When adding items, all arguments other than the name or identifier should be given as keyword arguments. This will help ensure that your custom toolbar items survive upgrades.

As previously promised, let’s now add the poll app to the toolbar (cms_toolbar.py):

from django.core.urlresolvers import reverse
from django.utils.translation import ugettext_lazy as _
from cms.toolbar_pool import toolbar_pool
from cms.toolbar_base import CMSToolbar


@toolbar_pool.register
class PollToolbar(CMSToolbar):
    def populate(self):
        if self.is_current_app:
            menu = self.toolbar.get_or_create_menu('poll-app', _('Polls'))
            url = reverse('admin:polls_poll_changelist')
            menu.add_sideframe_item(_('Poll overview'), url=url)

However, there’s already a menu added by the CMS which provides access to various admin views, so you might want to add your menu as a sub menu there. To do this, you can use positional insertion coupled with the fact that cms.toolbar.toolbar.CMSToolbar.get_or_create_menu() will return already existing menus:

from django.core.urlresolvers import reverse
from django.utils.translation import ugettext_lazy as _
from cms.toolbar_pool import toolbar_pool
from cms.toolbar.items import Break
from cms.cms_toolbar import ADMIN_MENU_IDENTIFIER, ADMINISTRATION_BREAK
from cms.toolbar_base import CMSToolbar


@toolbar_pool.register
class PollToolbar(CMSToolbar):
    def populate(self):
        admin_menu = self.toolbar.get_or_create_menu(ADMIN_MENU_IDENTIFIER, _('Site'))
        position = admin_menu.find_first(Break, identifier=ADMINISTRATION_BREAK)
        menu = admin_menu.get_or_create_menu('poll-menu', _('Polls'), position=position)
        url = reverse('admin:polls_poll_changelist')
        menu.add_sideframe_item(_('Poll overview'), url=url)
        admin_menu.add_break('poll-break', position=menu)

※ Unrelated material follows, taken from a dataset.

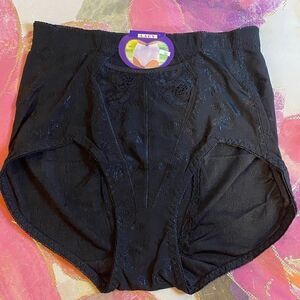 Lacy assorted embroidery floral design panties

Adding items through views

Another way to add items to the toolbar is through our own views (polls/views.py). This method can be useful if you need to access certain variables, in our case e.g. the selected poll and its sub-methods:

from django.core.urlresolvers import reverse
from django.shortcuts import get_object_or_404, render
from django.utils.translation import ugettext_lazy as _

from polls.models import Poll


def detail(request, poll_id):
    poll = get_object_or_404(Poll, pk=poll_id)
    request.toolbar.populate()
    menu = request.toolbar.get_or_create_menu('polls-app', _('Polls'))
    menu.add_modal_item(_('Change this Poll'), url=reverse('admin:polls_poll_change', args=[poll_id]))
    menu.add_sideframe_item(_('Show History of this Poll'), url=reverse('admin:polls_poll_history', args=[poll_id]))
    menu.add_sideframe_item(_('Delete this Poll'), url=reverse('admin:polls_poll_delete', args=[poll_id]))

    return render(request, 'polls/detail.html', {'poll': poll})

Now, run the server again, go to the page where you hooked the Polls App to and select Page > Polls in the toolbar!